AIM OF THE EXERCISE: Only the lines from the one containing "Toyota Camry Vehicle" through the last line below belong in your copy; transcribe them exactly and omit any pictures.

-*-*-

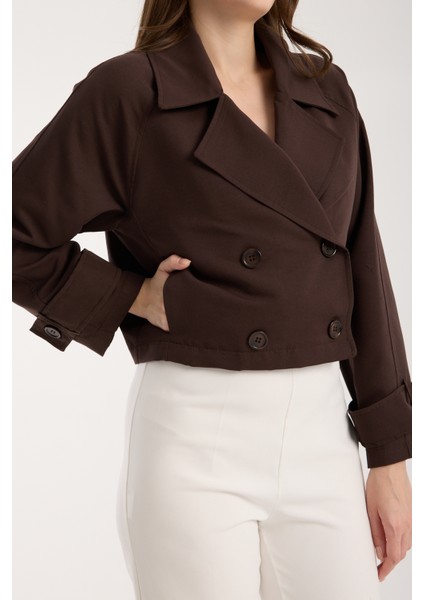 Acı Kahve Kruvaze Yaka Crop Trençkot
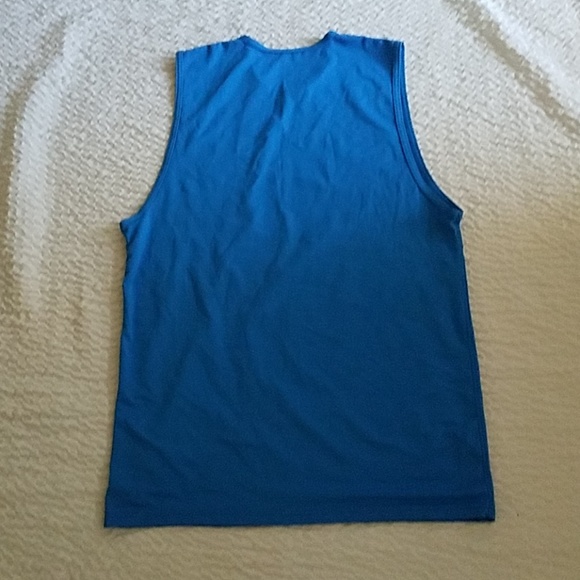Blue Tank - Picture 3 of 4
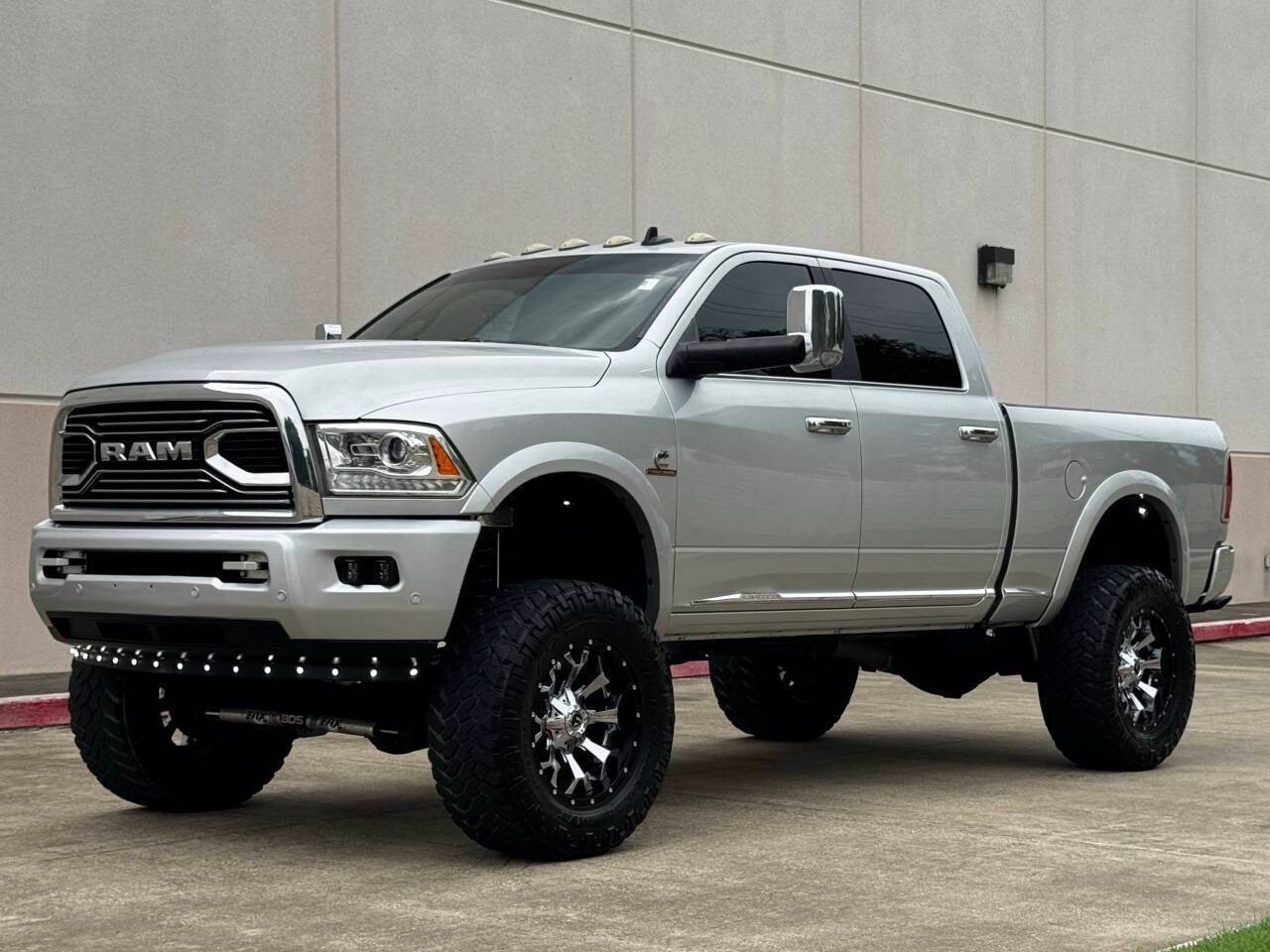 2017 Ram 2500 Limited — Pickup Truck — 161,697 mi — Houston, TX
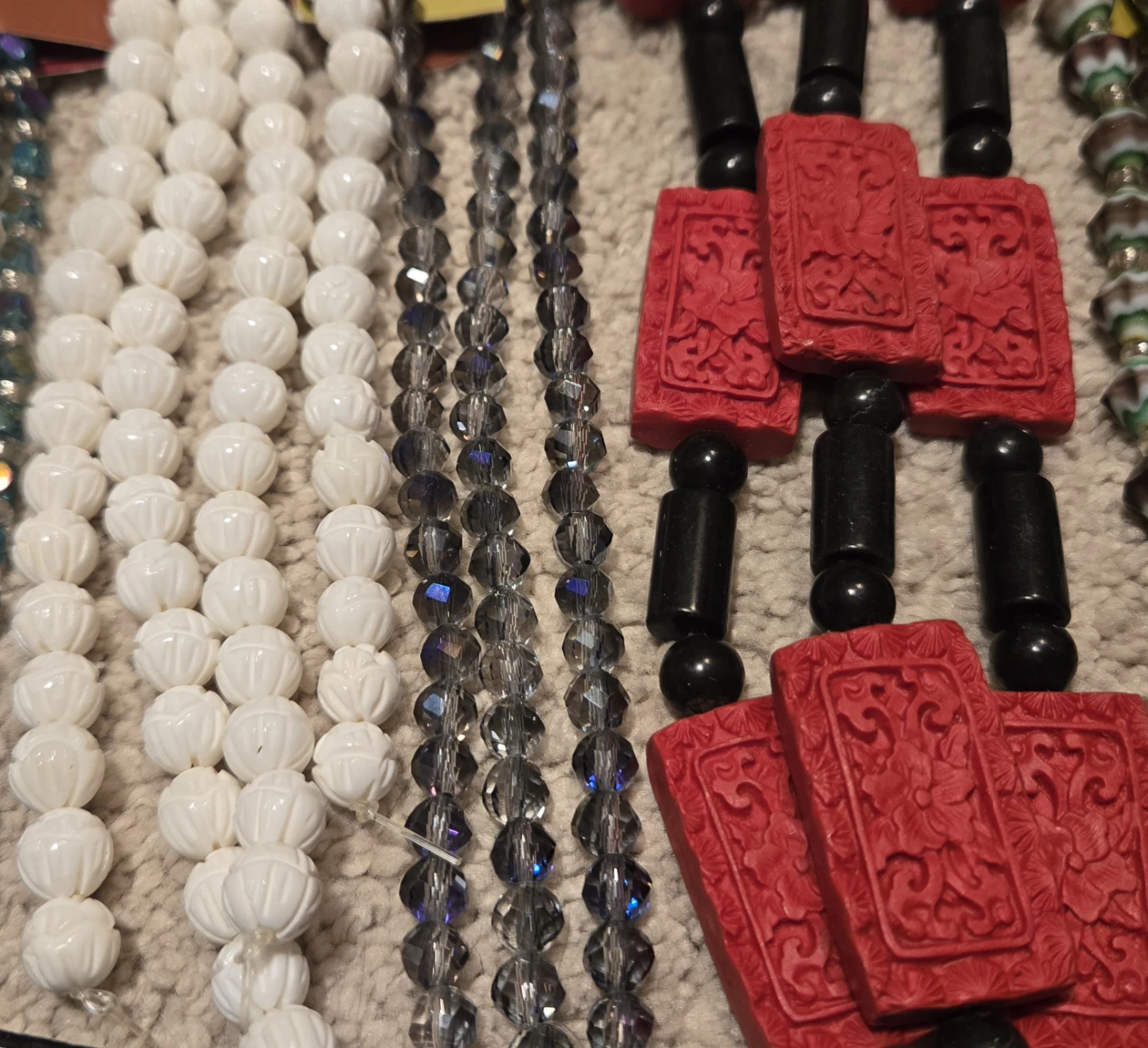 Lot of Assorted Bead Strands (Lot AC) - photo 4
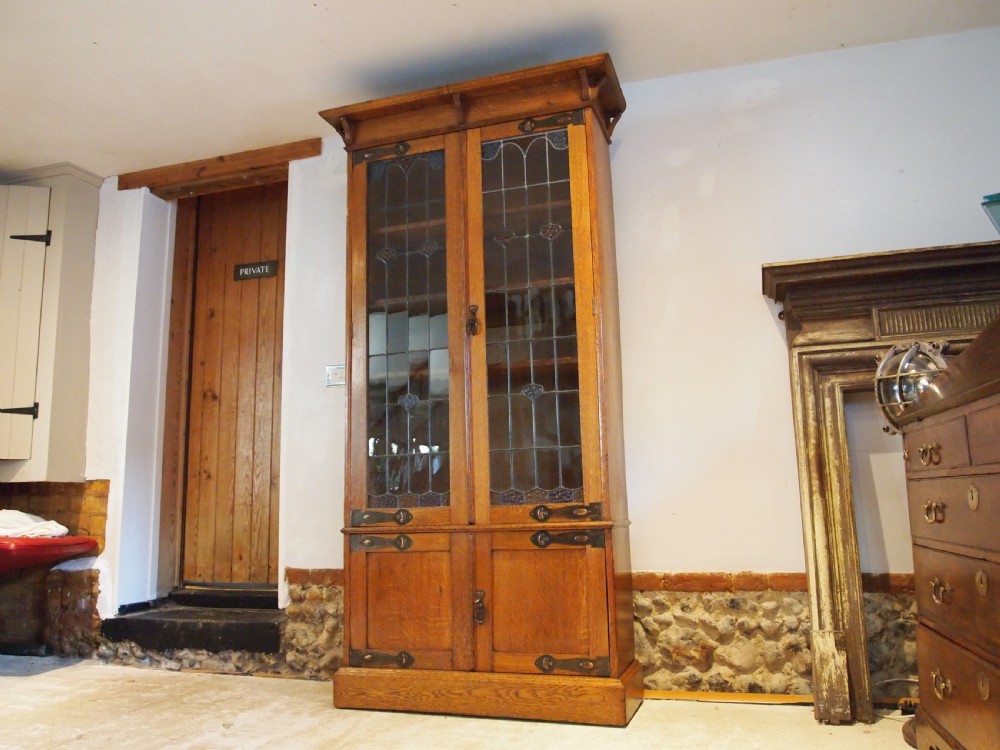 Bookcase display Arts & Crafts Oak c1900 View X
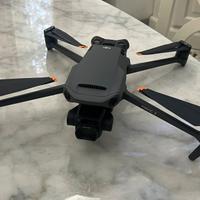 DJI MAVIC 3 versione Combo con DJI RCPRO + DJI RC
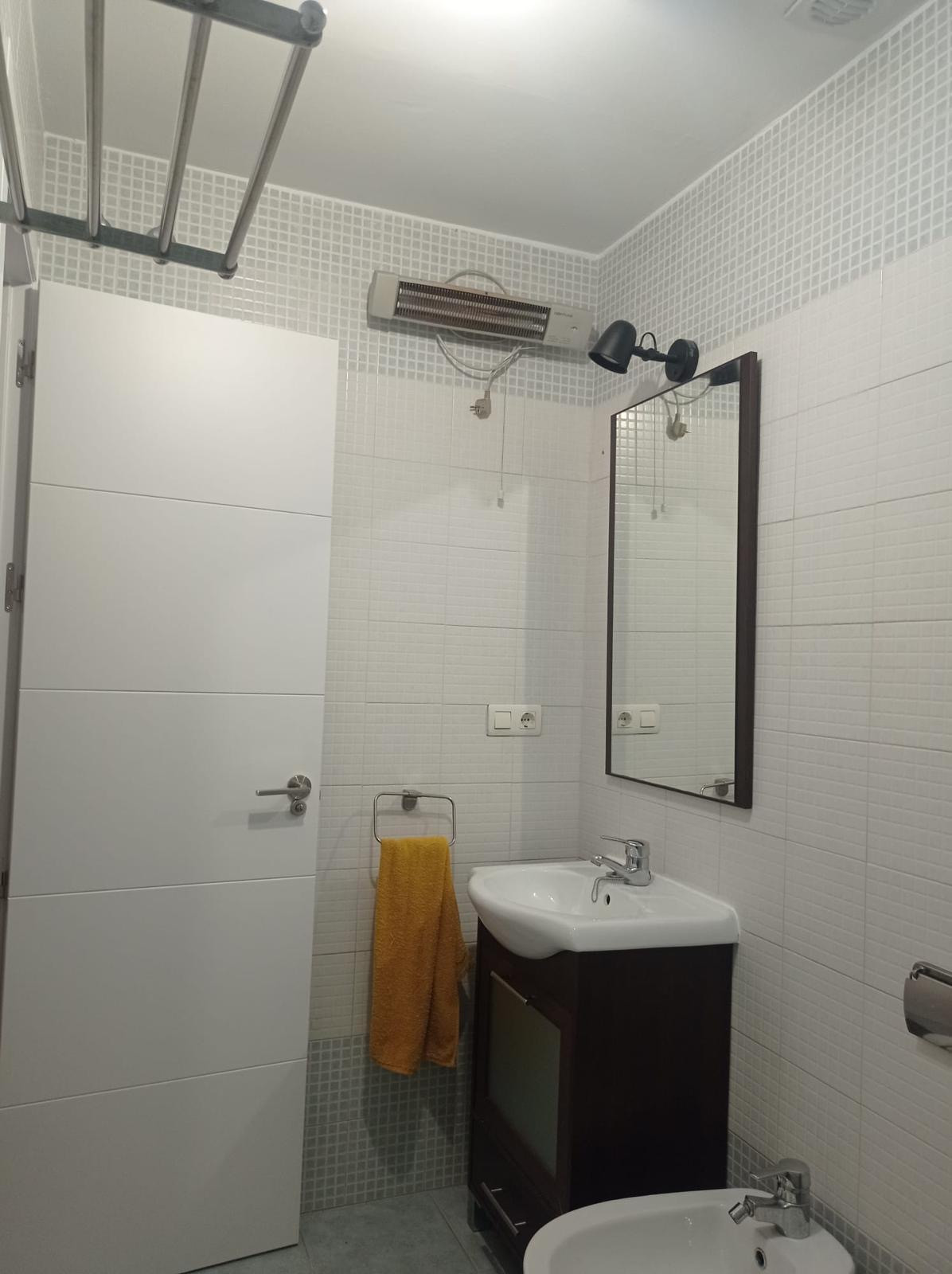 Se vende Apartamento Planta Media de 2 dormitorios en Costa Del Sol, Málaga, España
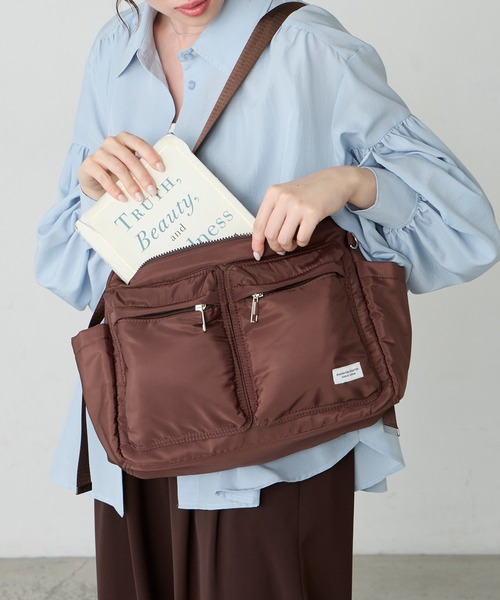 BONLECILL Marche(ボンルシールマルシェ)の「【BONLECILL Marche】《A4収納》7ポケットデイリーショルダーバッグ(ショルダーバッグ・レディース・アイボリー/ブラウン/ブラック・FREE)」の16枚目の写真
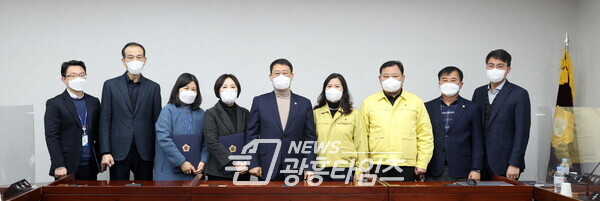 시흥시의회소속임용장수여식_단체사진 (제공=시흥시의회)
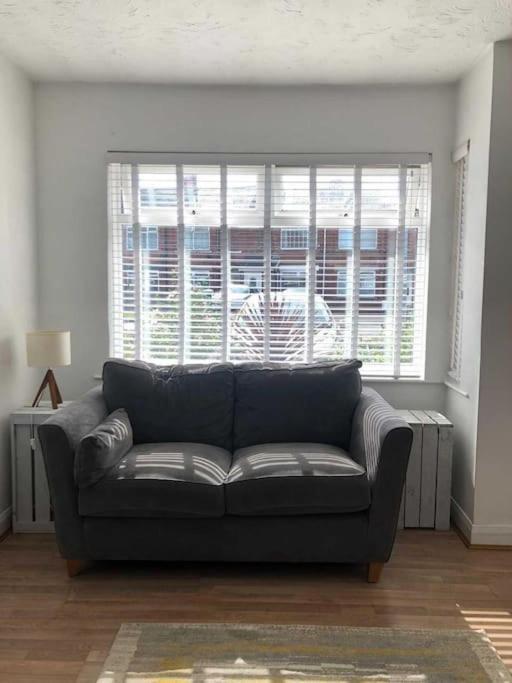 Two Bedroom Terrace House With Parking Kingston upon Hull Exterior foto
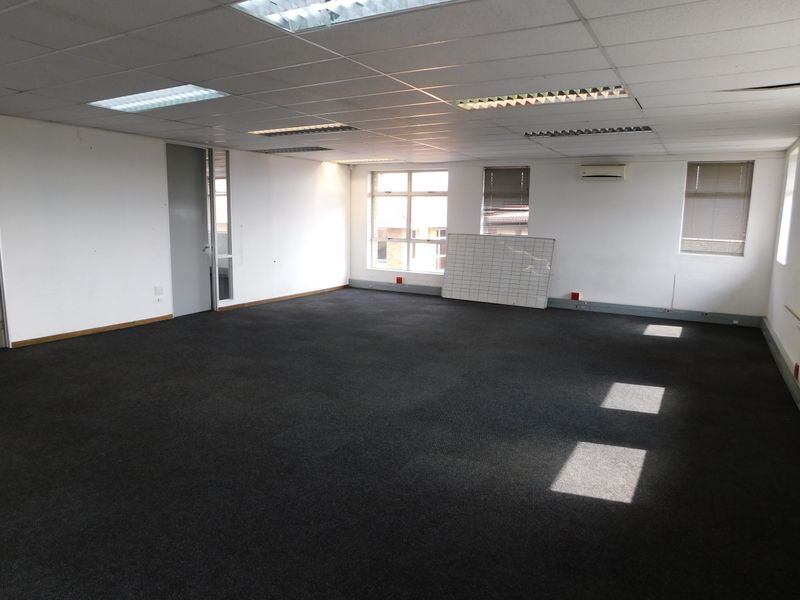 Neat Offices Available Immediately In A Small Office Park. - Photo 7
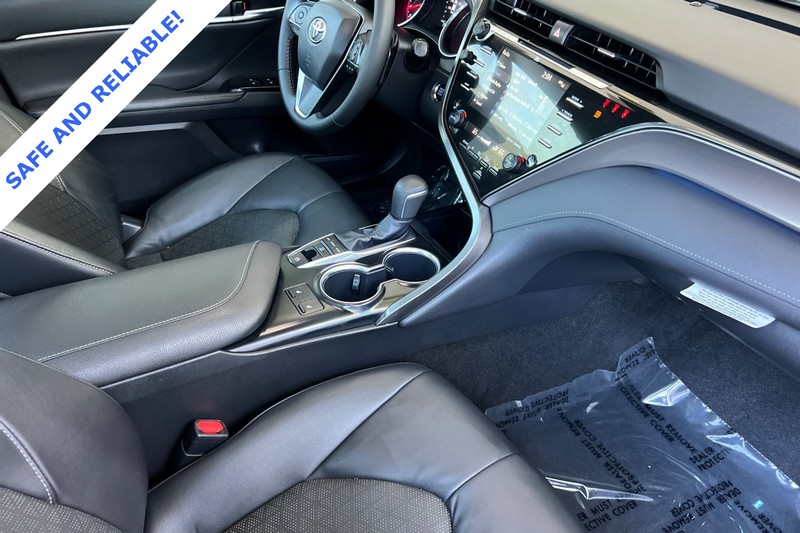 Toyota Camry Vehicle Full-screen Gallery Image 15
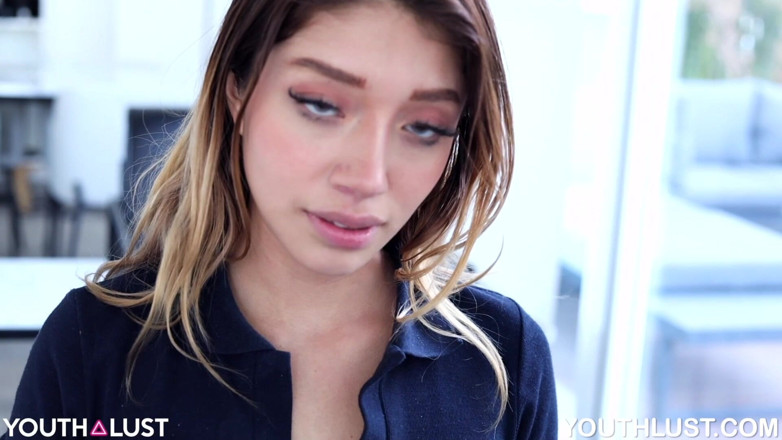Youth Lust: Pepek Kelly Sweet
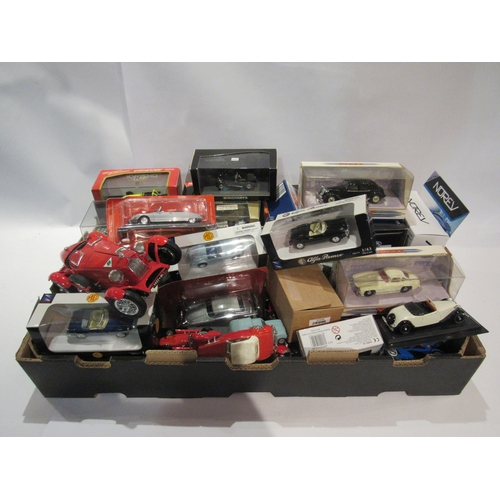 5166 - A collection of boxed, cased and loose diecast cars including Matchbox Dinky, Minichamps, Brumm, New...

-*-*-

YOUR SOLUTION:
 Toyota Camry Vehicle Full-screen Gallery Image 15
Youth Lust: Pepek Kelly Sweet
 5166 - A collection of boxed, cased and loose diecast cars including Matchbox Dinky, Minichamps, Brumm, New...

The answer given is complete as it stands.